Едва только я лег, — я не смею сказать уснул, ибо никогда не чувствовал себя более бодрствующим, Вальтер сел подле меня, и это не возбудило во мне никакого удивления.
— Твое предприятие бессмысленно, — сказал он мне, — ты переломаешь себе кости и не найдешь ничего интересного в этих странных местах. Это, несомненно, замечательный пример вулканических извержений, но все эти материи минералов этого охлажденного очага подверглись такому превращению, что тебе невозможно будет определить его породу. К тому же, каким образом ты доставишь нам образцы, которые мы могли бы подвергнуть анализу, если ты не знаешь, как вернешься ты сам?
— Ты говоришь хорошо, — ответил я ему, — но если ты сам мог прийти сюда и разыскать меня, то у тебя есть средства передвижения, которыми ты не откажешься поделиться со мною.
— Мне не стоило большого труда подняться по лестнице твоей комнаты, — сказал Вальтер, улыбаясь, — и если бы ты захотел сделать над собой усилие, то ты понял бы, что только твой ум присутствует на арктическом полюсе, между тем как тело сидит у стола и твоя рука пишет глупости, на которые мне забавно отвечать тебе.
— Ты смеешься надо мной, Вальтер, — вскричал я, — или же твой ум безумно стремится к нашему дому и к нашим привычкам в Фишгаузене; разве же ты не видишь короны северного сияния, вершины огромной горы и белого стеклянного моря, окружающего ее?
— Я вижу только, — ответил он, — колпак твоей лампы да твою пирамидальную чернильницу с фаянсовой крышкой.
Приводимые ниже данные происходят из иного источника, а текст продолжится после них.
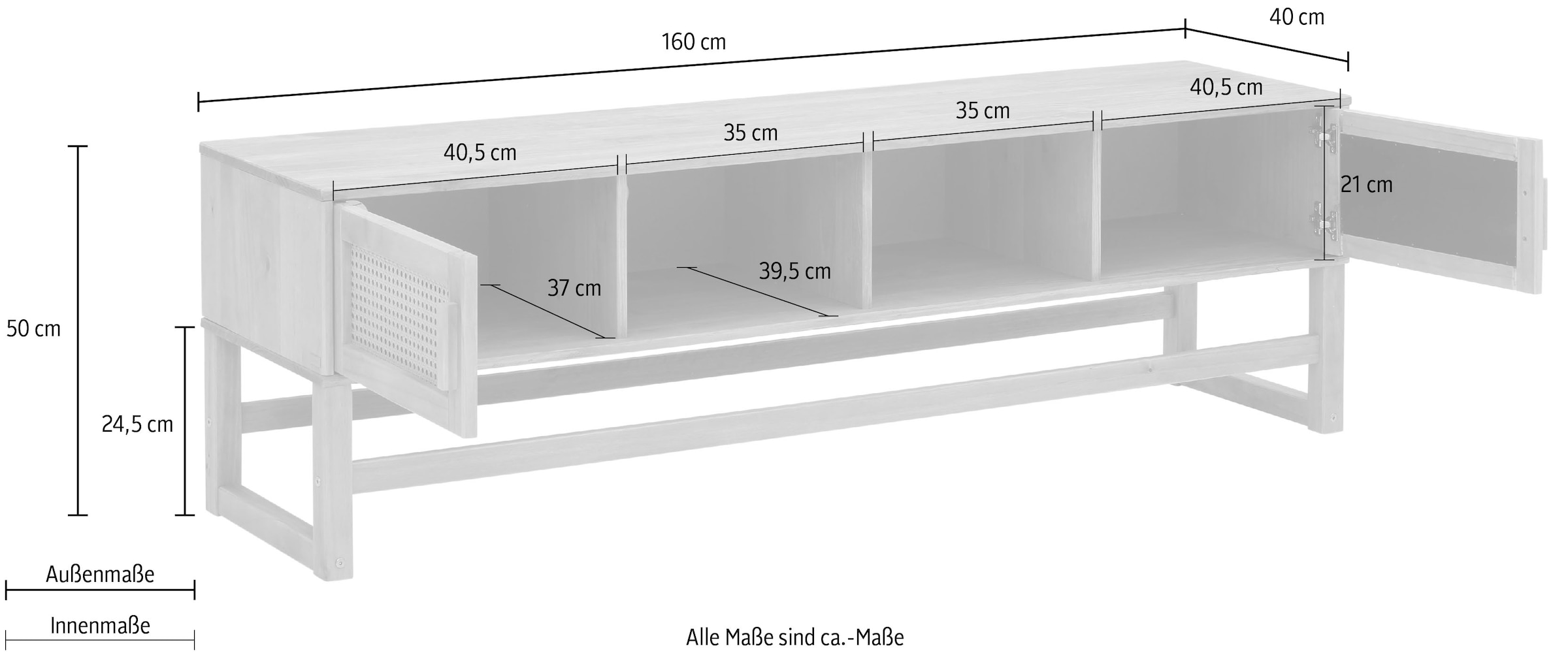 Home affaire Lowboard, Rattangeflecht auf den Türfronten, aus Massivholz, zwei Farbvarianten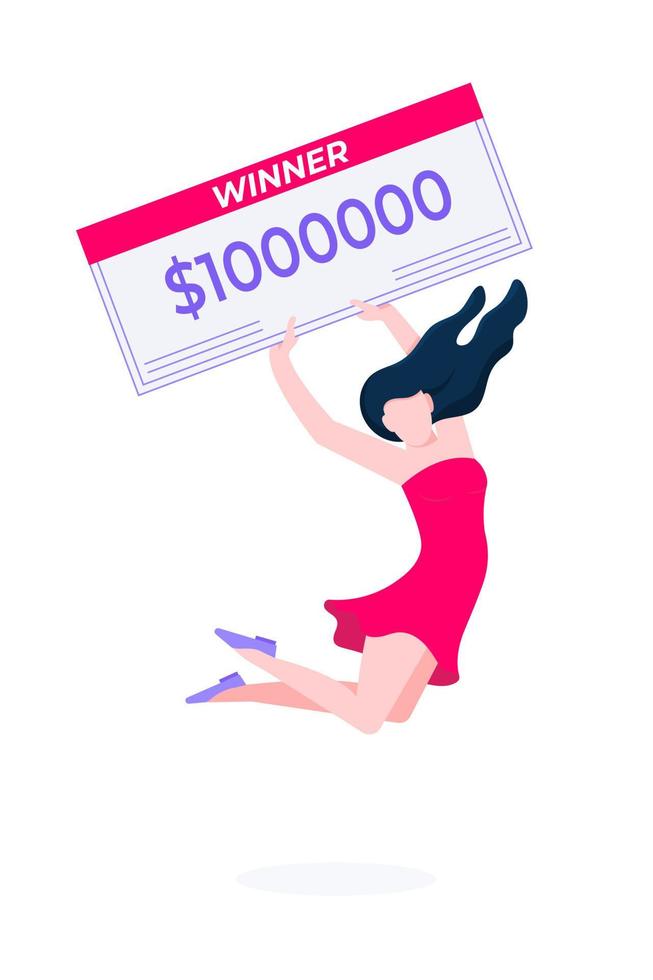 Happy woman - lottery winner with prize check. Fortune lottery or casino gambling lucky games vector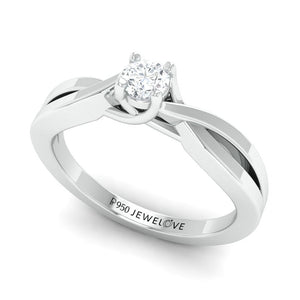 Pointer Classic 4 Prong Solitaire Ring made in Platinum JL PT 676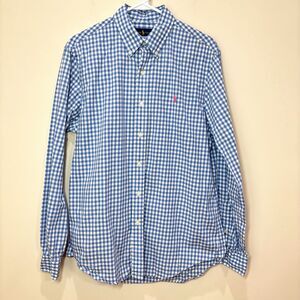 Ralph Lauren Blue Gingham Plaid Button Up Shirt Men M Pink Pony Embroidered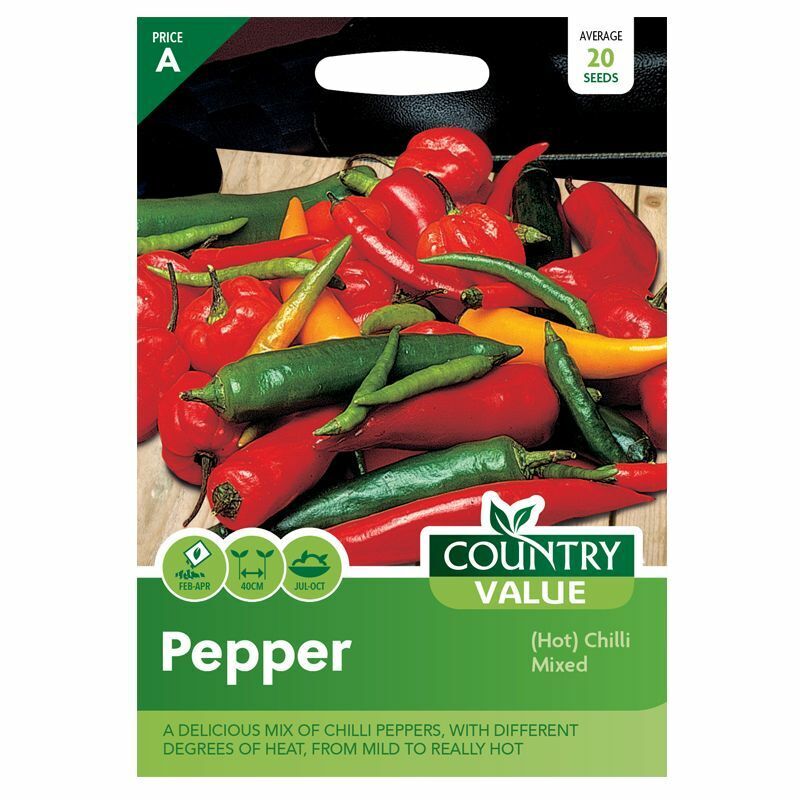 Country Value Pepper Hot Chilli Mixed Seeds Green-Red Pack of 20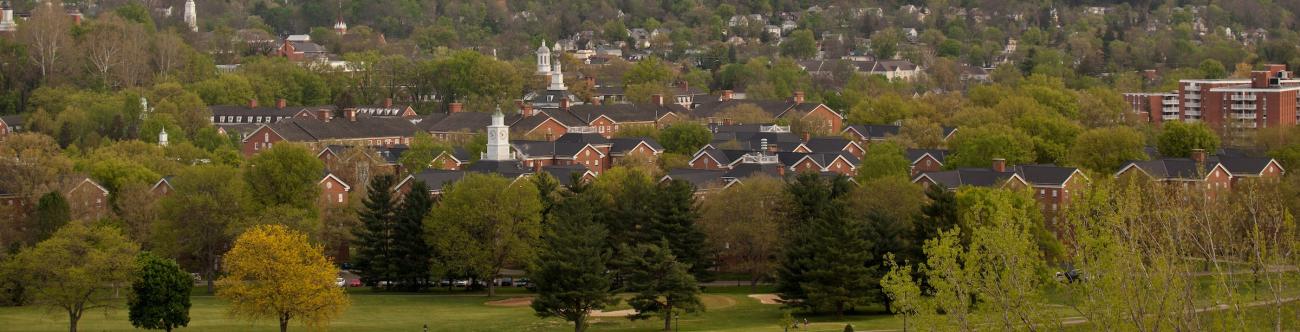 Aerial view of South Green residence halls on Athens campus.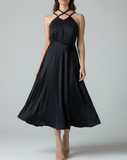 DAPHNE DRESS BLACK SATIN/MORE COLOURS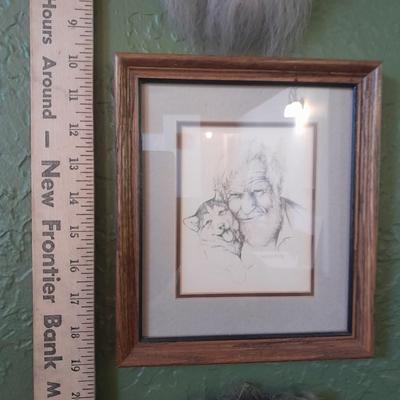 Framed and signed Yukon Joe and Pup drawing with two masks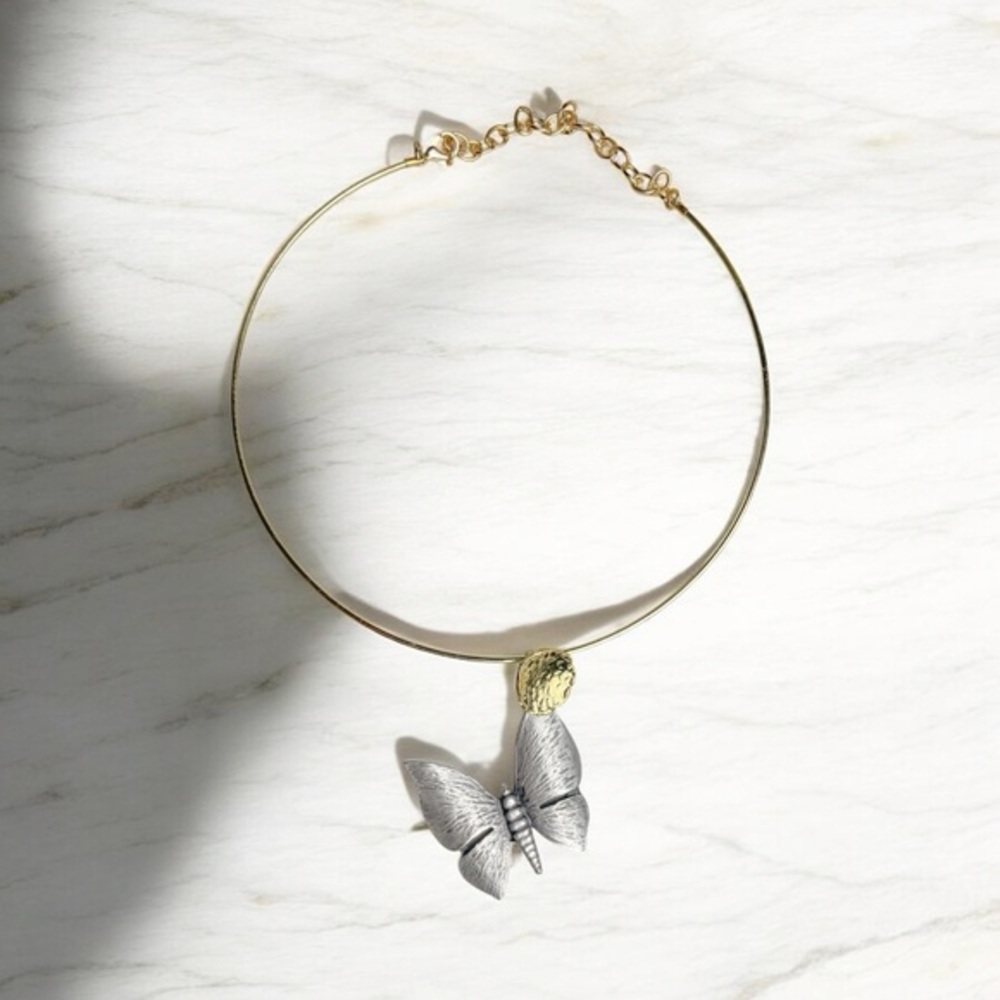 Handmade Two Tone Butterfly Choker Necklace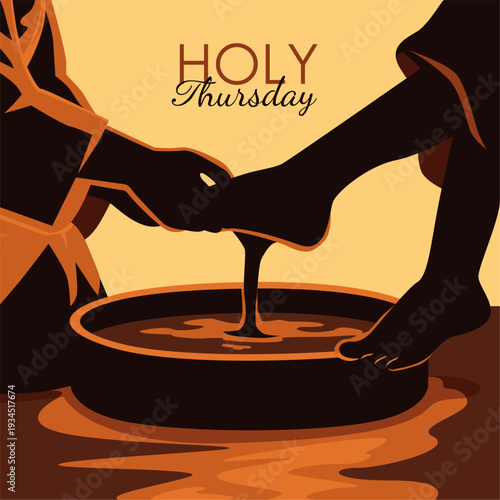 vector holy thursday foot washing illustration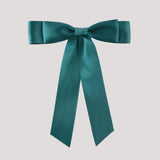Grace satin hair bow in jade green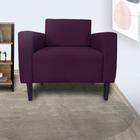 Conjunto 2 Poltronas Estofadas Para Clínica Leticia Slim Suede Roxo - LM DECOR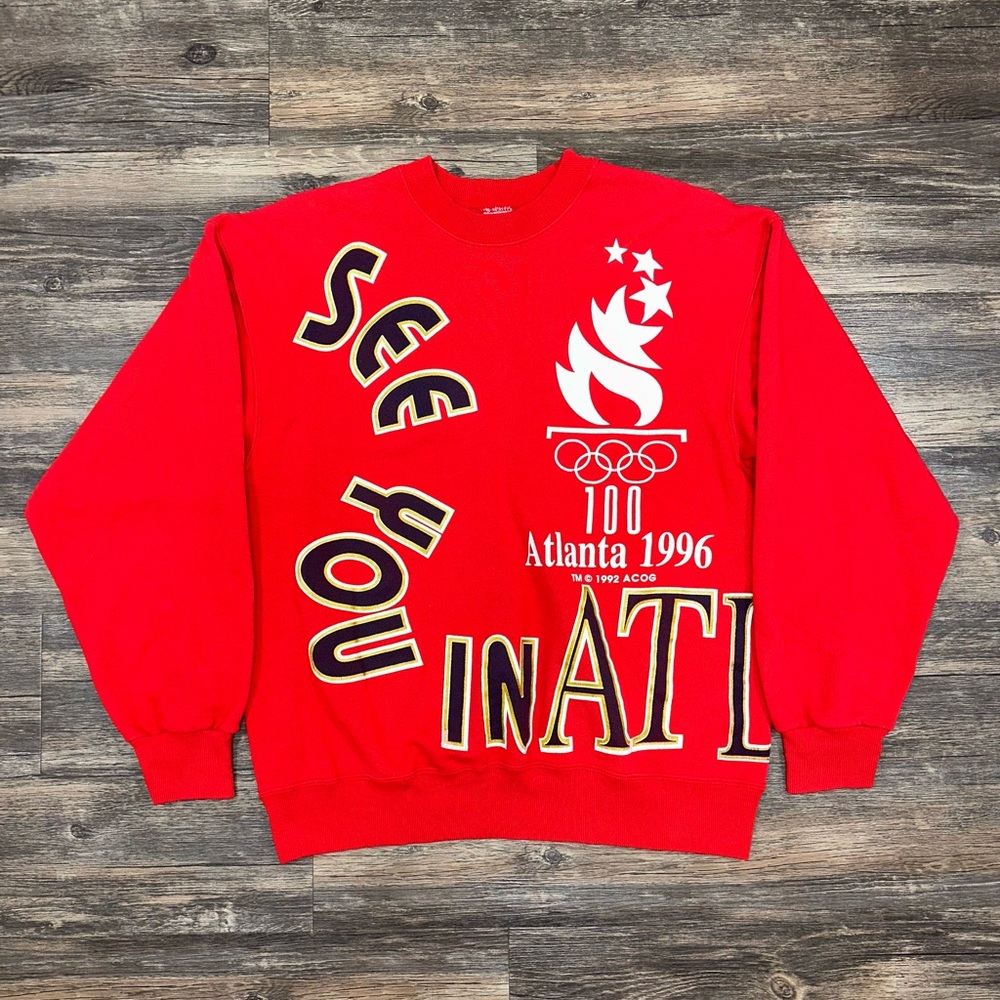 Vintage Atlanta 1996 USA Olympic Crewneck Sweatshirt See You In Atlanta Size L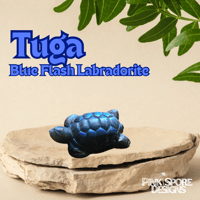 Image 2 of Tuga; Blue Flash Labradorite Turtle Carving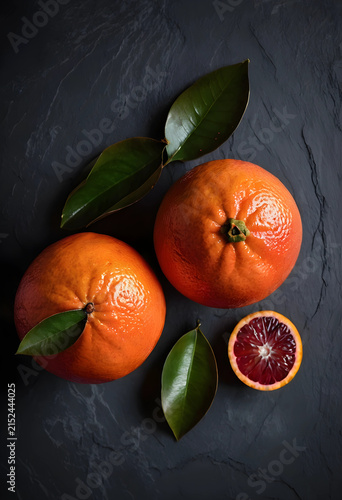 Two whole blood oranges and...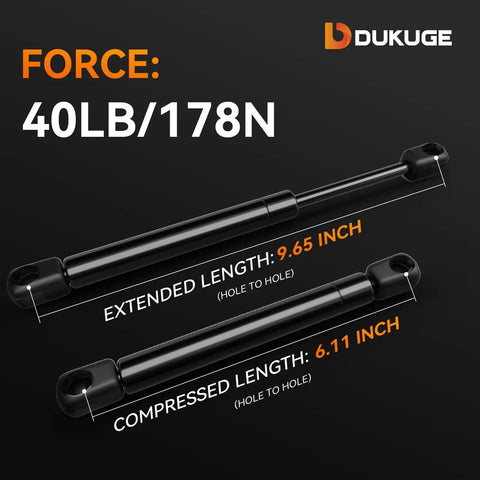 10 Inch 40 Lb Gas Struts Set Of 2 For Truck Tool Box, extended length 9.65 inch, compressed length 6.11 inch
Ну, полно, проснись и послушай звуки рояля, под аккомпанемент которого Лора поет романс своему отцу, между тем как он преспокойно покуривает трубочку у окна в зале.
Я стремительно вскочил. Вальтер исчез, опаловое море сверкало у моих ног, и северное сияние образовывало надо мною громаднейшую радужную дугу. Назиас, сидя на некотором расстоянии, действительно покуривал свою трубочку, и я отчетливо услышал голос Лоры и звуки рояля. Эта смесь сна и бодрствования промучила меня часть ночи. Голос Лоры, столь приятный в моем воспоминании, в эту минуту доносился до меня с возмутительною реальностью; Лора совсем не умела петь, она слегка пришепетывала, что делало ее пение комическим. Только в кристалле она освобождалась от этого недостатка. Выведенный из терпения, я высунулся в окно моей комнаты и крикнул ей через сад, чтоб она не коверкала романса Саул. Она не обратила на это ровно никакого внимания, и я, чтобы не слышать, бросился на кровать, заткнул себе уши и заснул.
Когда я проснулся уже поздним утром, я увидал, что Назиас не тратил попусту времени, и что наша веревка из корней достигла надлежащей длины. Я помог ему крепко укрепить ее и хотел первый сделать опыт. Я спускался беспрепятственно, помогая себе ногами. Таким образом я достиг маленькой платформы, до которой веревка не вполне доходила; мне пришлось потянуть ее к себе, чтобы привязать снова. Склонясь над краем лавы, я увидал подо мною кучу белого, как снег, пепла и, недолго думая, я прыгнул в нее. Пепел этот был до такой степени легок, что я весь исчез в нем, но, встряхнувшись, я вышел из него здравым и невредимым и крикнул дядюшке, чтоб он поступал так же, как я.
Оп спустился с тем же успехом, и мы поторопились отрезать добрый конец веревки, чтобы унести его с собою и сесть в случае необходимости, так как нам предстояло целых восемь или десять часов пути по этому стеклянному озеру, и мы не замечали на нем, как можно себе представить, ни малейшего следа растительности.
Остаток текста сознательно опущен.